Most people I have known (and vice versa) have most consistently associated me to apologies. Generally, there are two ways to look at this – that I make as many mistakes to apologize for and then there is a positive outlook on all of this that I am ready accept when I am wrong.
Now, here is my take on this whole situation; I like to believe that everything can be dealt with – whether it is a emotional, materialistic or even physical – everything can be addressed at a psychological level, and all you need is time and someone to bounce your thoughts off. Don’t get me wrong, I am not saying it actually is the reality but what I mean is, let’s believe that it could be and that is worth the shot.
Probably this is why I am usually in situations where I am always in the endless (even pointless, if you look at it from others’ perspective) intent on discussing these problems.

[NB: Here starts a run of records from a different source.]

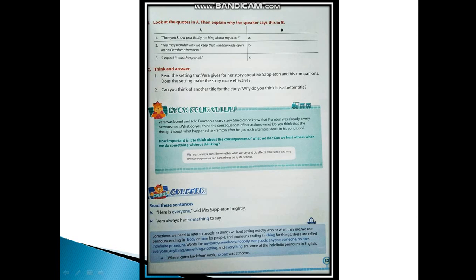Second is 'You may wonder why we keep that window wide open on an October afternoon.' This was also said by Vera. Vera wanted to scare the narrator, so she started telling him a fake story. That is when she said these words. Third is 'I expect it was the spaniel.' These words were also said by Vera. Vera wanted to justify why Frampton ran away as soon as he saw Mr. Sappleton coming back through the open window.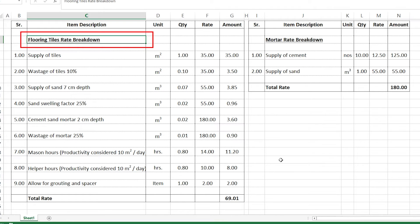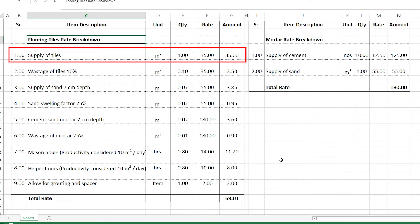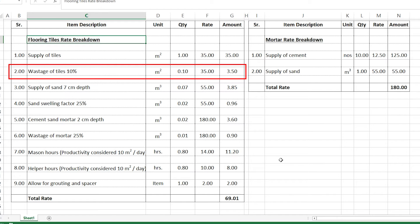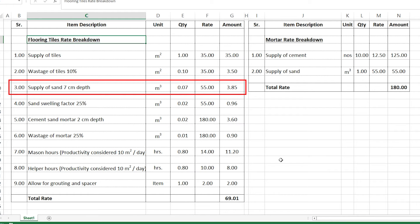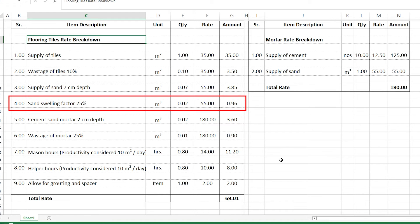Now let's look at how rate breakdown analysis works. Here on the screen we have a flooring tiles rate breakdown analysis, calculating the rate of one square meter of tile. First, the supply of tiles: 1 square meter multiplied by 35 dirhams equals 35. Then 10% wastage: 0.1 square meter multiplied by 35 equals 3.5. Then supply of 7 centimeters of sand: 0.07 cubic meters multiplied by 55 dirhams equals 3.85. With a 25% swelling factor: 0.02 cubic meters multiplied by 55 equals 0.96.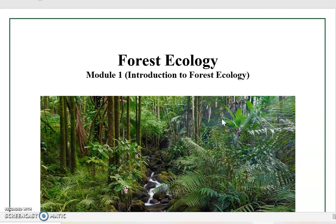Hello, good morning everyone. Welcome to the course Forest Ecology. This is your Module 1 for FBS 1, Introduction to Forest Ecology.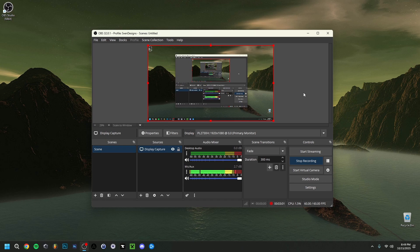Hey guys and welcome back. Today I'm going to show you how to fix the encoding overload in OBS. When you have an encoding overload problem, there could be multiple reasons why this happens, but it's mainly because your PC doesn't have enough CPU or GPU, or your settings might be too high for your PC. I'm going to go over as many fixes as possible, so do stay until the end to see if yours is in there.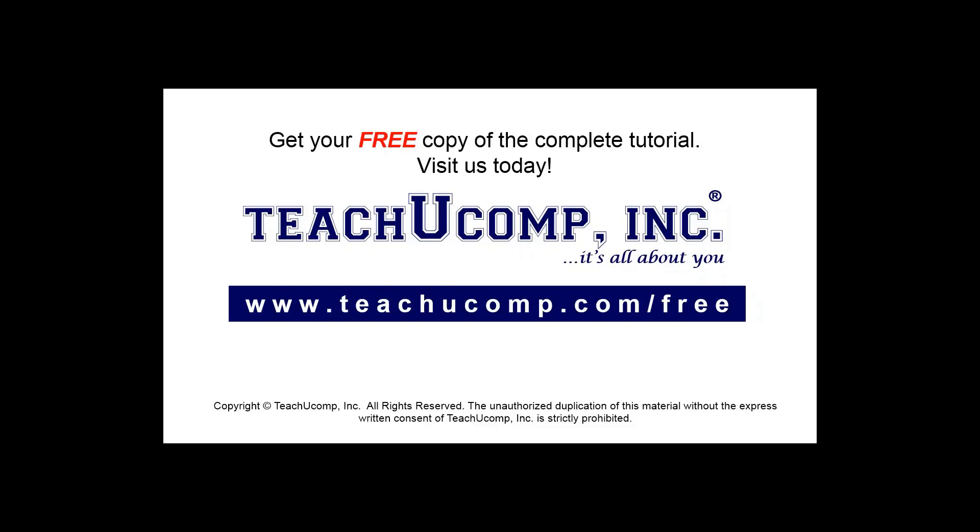Get your free copy of the complete tutorial at www.teachucomp.com/free.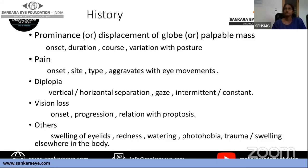The second most common symptom is pain. Pain should be described in terms of onset, type, and whether it aggravates with eye movements. Acute, sharp, severe pain that worsens with eye movements suggests inflammatory conditions. A dull, aching, boring pain suggests thyroid-related disease. A painless mass or prominence of the globe indicates something benign that warrants further investigation.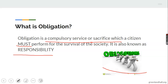Look at this picture here — they all have obligation. Every one of them is taking responsibility, doing what they need to do in order for the task to be performed. If one of them lacks in their responsibility, they won't be able to achieve the desired results, and the society will not move forward. So obligation is a compulsory service which a citizen must perform for the survival of the society.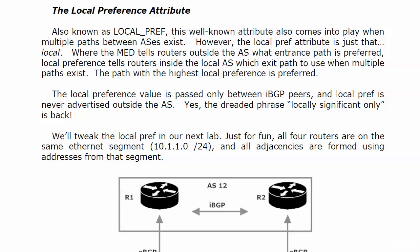Time for a look at the local preference attribute. We're going to talk about the theory of it for just a moment and then see it live on a totally different topology than in previous labs.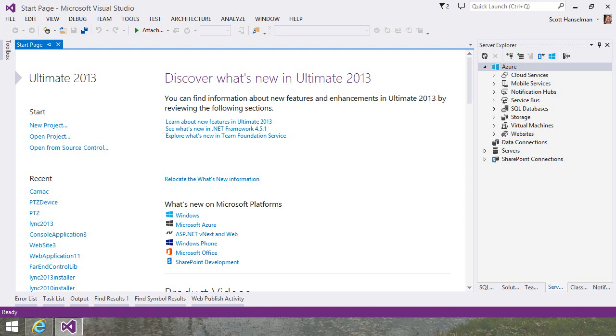Hi, I'm Scott Hanselman. I'm going to show you how easy it is to create an ASP.NET website inside of Visual Studio and deploy it directly to Microsoft Azure.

I don’t recall anyone actually liking these conversations – and to be honest, these are never pleasant and are often around a gloomy topic rather than a positive keynote. And I realize this, and which is the reason why I apologize most to the people that I am really close to. It is not that I like hurting people or their emotions, or that I do not want to learn from my mistakes, but it is that feeling inside me where I want to try to help someone (and sometimes myself too) through a problem.
Something that I am realizing now is that not everyone wants to listen to you (why should they?) going on about an issue (why always the problems?!) which they could possibly do away with (why can’t they ignore some of these problems?). I didn’t learnt this the easy way, but it better that I did instead of putting someone through this mess time and time again. I should really learn to give people their space (emotionally) and learn to draw (and stick!) to the boundaries that are quintessential for any two people to connect (and stay that way). An apology doesn’t cut it after a while; I don’t expect this to explain everything to those who had to face from me, but what I want you to know is that it was never my intention to hurt anyone – and I know that I still did!